My wife loves to puzzle. It’s a beautiful thing. Birthdays, anniversaries, Christmas, I don’t have to think too hard; she gets a puzzle. Never a new puzzle though. I’ve discovered you can get a “slightly worn” puzzle at second-hand stores for at least 75% off making us both happy!
Over the years, I’ve come to think of investing as working on a jigsaw puzzle. When I first started in the business in the mid 1990’s, if I came across a new idea, I’d gather all the reports and data I could find and speak to as many “experts” as possible. Each data point was a piece of the puzzle, the more data, the more pieces, and the better the chances of getting things right… so I thought. The moment of nirvana was when all the pieces fit together perfectly, the investment picture was clear, and we’d invest and make wonderful future returns for clients.
Young Joe’s enthusiasm to uncover all the stones and gather as much data as possible was admirable. But what I came to discover quickly was it was also slightly delusional. It is not the volume of data and opinions (i.e., puzzle pieces) that led to successful outcomes, but rather the ability to interpret them correctly and in a timely manner. The analysts I would speak with built complicated company models that looked fit to launch spaceships into orbit. However, often they were just as prone to reaching incorrect conclusions as a layman.
After a few early investing battle scars, I reached the conclusion that investing success for me was not going to be based on perfectly positioning every jigsaw piece to see the picture and “outsmart” the market. In some ways it was the opposite. I knew I was just an “average Joe” as the saying goes. Outsmarting the market was not an option. It also hit me that the puzzles I needed to work on had to be easy – less 5,000-piece puzzles and more 64-piece puzzles, my sweet spot!
THE ART OF COMPLETING THE PICTURE WITH ONLY HALF THE PIECES
What has become incredibly clear to me is it was futile to try to position every piece of the investment puzzle before actually reaching a conclusion and acting on it. By the time “average Joe” found all the pieces and completed the picture, so did everyone else. The opportunity was wasted. The quote by Carveth Read which states, “It’s better to be approximately right than exactly wrong,” is precisely right!
While precision is desirable for any research project, it’s often unrealistic when dealing with a dynamic such as the economy and stock market. I’ve learned to appreciate the usefulness of reasonable approximations. If we can see the picture with only half the pieces and earlier than others, it often leads to success.
Learning to operate with a partially finished picture is challenging but often necessary. Some of our most profitable investing occurs when the puzzle has been sparsely populated. Ironically, some of our biggest mistakes have occurred when we thought the picture was very clear with many “facts”. To this day, when I hear the term “no-brainer” in reference to a possible investment, I get nauseous!
TODAY’S MARKET IS STILL MISSING ONE TOO MANY PIECES
The current market condition is challenging.
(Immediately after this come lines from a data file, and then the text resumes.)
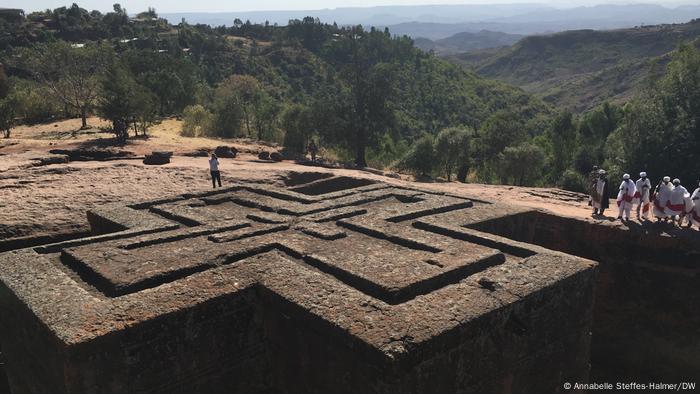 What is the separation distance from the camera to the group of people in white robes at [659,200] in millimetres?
10875

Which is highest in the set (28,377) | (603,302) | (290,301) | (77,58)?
(77,58)

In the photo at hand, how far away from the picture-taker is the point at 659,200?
36.5 feet

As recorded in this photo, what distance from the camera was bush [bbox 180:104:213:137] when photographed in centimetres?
3019

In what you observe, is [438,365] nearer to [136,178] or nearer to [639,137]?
[136,178]

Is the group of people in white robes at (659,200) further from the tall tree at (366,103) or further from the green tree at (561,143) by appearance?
the green tree at (561,143)

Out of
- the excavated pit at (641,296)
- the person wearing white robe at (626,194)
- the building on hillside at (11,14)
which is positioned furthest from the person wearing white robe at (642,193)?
the building on hillside at (11,14)

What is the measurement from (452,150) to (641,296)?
1607 cm

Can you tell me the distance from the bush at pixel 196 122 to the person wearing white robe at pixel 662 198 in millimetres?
23725

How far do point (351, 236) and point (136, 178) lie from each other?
8904 mm

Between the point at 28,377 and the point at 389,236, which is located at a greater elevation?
the point at 389,236

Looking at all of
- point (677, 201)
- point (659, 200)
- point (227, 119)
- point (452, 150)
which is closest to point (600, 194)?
point (659, 200)

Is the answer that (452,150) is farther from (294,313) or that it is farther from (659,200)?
(294,313)

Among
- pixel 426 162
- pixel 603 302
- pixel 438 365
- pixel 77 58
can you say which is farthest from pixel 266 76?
pixel 438 365

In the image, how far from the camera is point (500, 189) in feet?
59.7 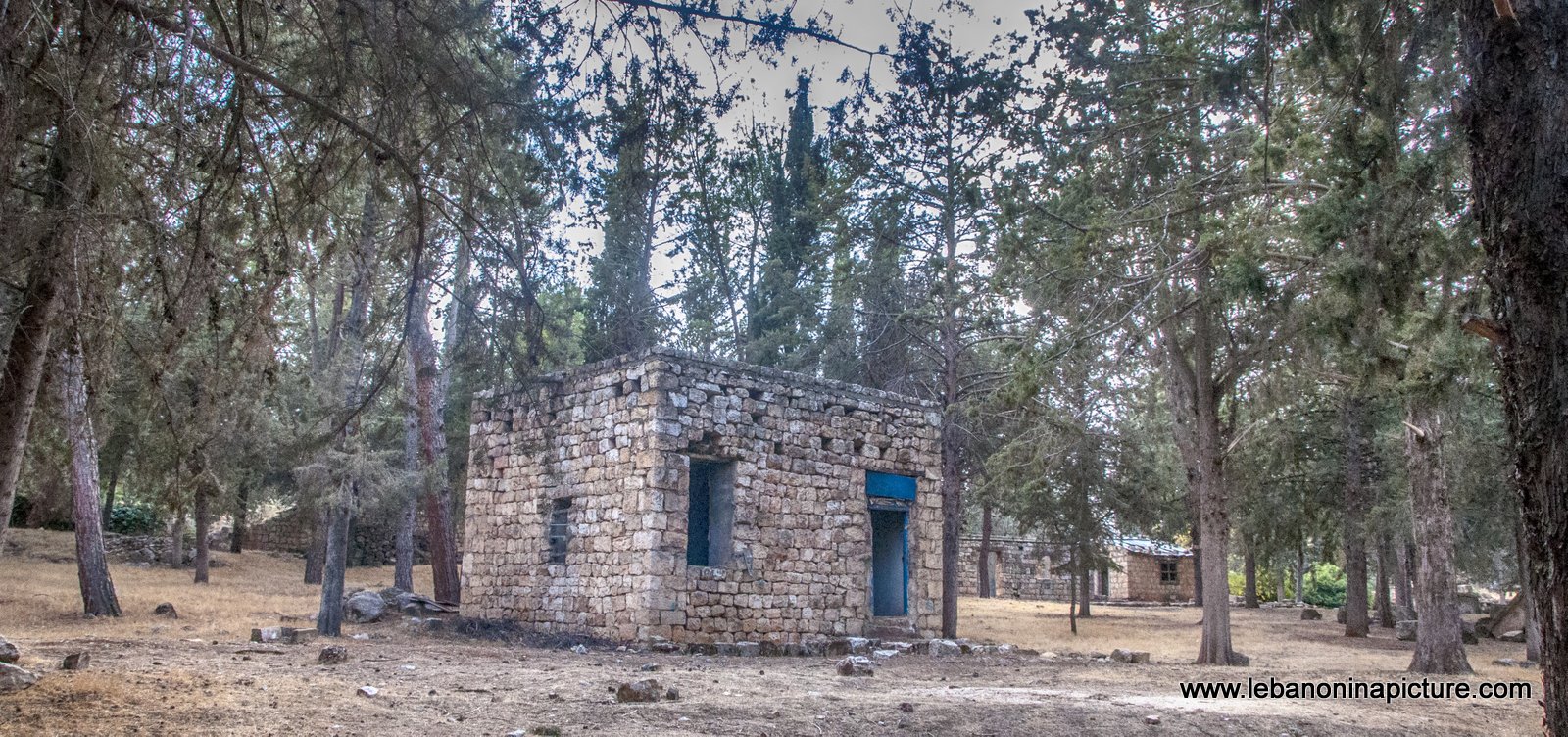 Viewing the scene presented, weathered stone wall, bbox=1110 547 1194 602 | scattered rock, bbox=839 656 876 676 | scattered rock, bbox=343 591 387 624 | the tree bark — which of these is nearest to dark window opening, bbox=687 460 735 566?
scattered rock, bbox=839 656 876 676

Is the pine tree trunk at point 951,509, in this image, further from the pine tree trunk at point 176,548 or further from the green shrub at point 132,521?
the green shrub at point 132,521

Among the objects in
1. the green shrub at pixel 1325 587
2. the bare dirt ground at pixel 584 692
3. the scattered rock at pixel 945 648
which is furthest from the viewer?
the green shrub at pixel 1325 587

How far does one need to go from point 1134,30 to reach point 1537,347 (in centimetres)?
841

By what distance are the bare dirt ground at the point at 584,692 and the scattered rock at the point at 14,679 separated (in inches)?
4.5

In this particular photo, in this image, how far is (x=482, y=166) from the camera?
22.8ft

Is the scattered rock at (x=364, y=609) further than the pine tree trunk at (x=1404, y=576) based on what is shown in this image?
No

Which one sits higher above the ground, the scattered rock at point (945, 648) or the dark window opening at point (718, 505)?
the dark window opening at point (718, 505)

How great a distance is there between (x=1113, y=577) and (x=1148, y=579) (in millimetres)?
1519

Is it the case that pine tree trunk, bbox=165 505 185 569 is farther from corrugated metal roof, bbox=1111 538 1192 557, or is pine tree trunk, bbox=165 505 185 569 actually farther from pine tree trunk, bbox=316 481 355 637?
corrugated metal roof, bbox=1111 538 1192 557

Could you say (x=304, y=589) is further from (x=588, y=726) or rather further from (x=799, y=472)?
(x=588, y=726)

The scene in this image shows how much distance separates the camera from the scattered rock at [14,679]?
6.12 m

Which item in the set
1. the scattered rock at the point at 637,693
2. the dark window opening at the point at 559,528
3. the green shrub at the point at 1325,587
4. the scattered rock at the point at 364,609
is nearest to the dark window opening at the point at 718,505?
the dark window opening at the point at 559,528

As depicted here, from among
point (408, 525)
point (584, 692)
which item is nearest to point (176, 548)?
point (408, 525)

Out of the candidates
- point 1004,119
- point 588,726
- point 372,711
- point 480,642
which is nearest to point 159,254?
point 372,711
It feels like it’s a 5,000-piece advanced puzzle set. We know to be careful of these. If things don’t add up, we need to err on the side of caution.
Investors seem confident that the challenges associated with last year’s sell-off are in the rear-view mirror. Whatever economic contraction may take place, if at all, it will be minor and short lived; that inflation is moderating, and we should be on the cusp of interest rate cuts. Yet, the unemployment rate remains near multi-decade lows and wage pressure near multi-decade highs. In addition, while home prices stalled out briefly, they seem to have a bid back under them again.
Year-to-date the “stock market” has been strong. The S&P 500 is up over 13%. Like the economy though, it’s unbalanced. A handful of the largest growthy stocks which make up only 2% of all companies in the index have driven most of the returns. The remaining 98% of the companies have, on average, not taken part in much of the rally. Historically, this type of narrow market leadership has not proven to be sustainable nor a strong foundation for a multi-year bull market in stocks.
We work with less than perfect information and market anomalies all the time as investors. We understand this and that’s why one of our core tenets of portfolio construction is maintaining a margin of safety. It’s not “in case” we’re wrong about something but, to the degree, that we “will” inevitably be wrong. Deep discounts in valuation allow us to amplify that safety net and can assist us in being confident that we have the picture right without all the pieces in place.
One last point on incomplete puzzles. While the second-hand store has great sales on puzzles, from time to time they too are missing pieces. I’ve learned flowers pair nicely with puzzles just in case my wife can’t approximate the picture!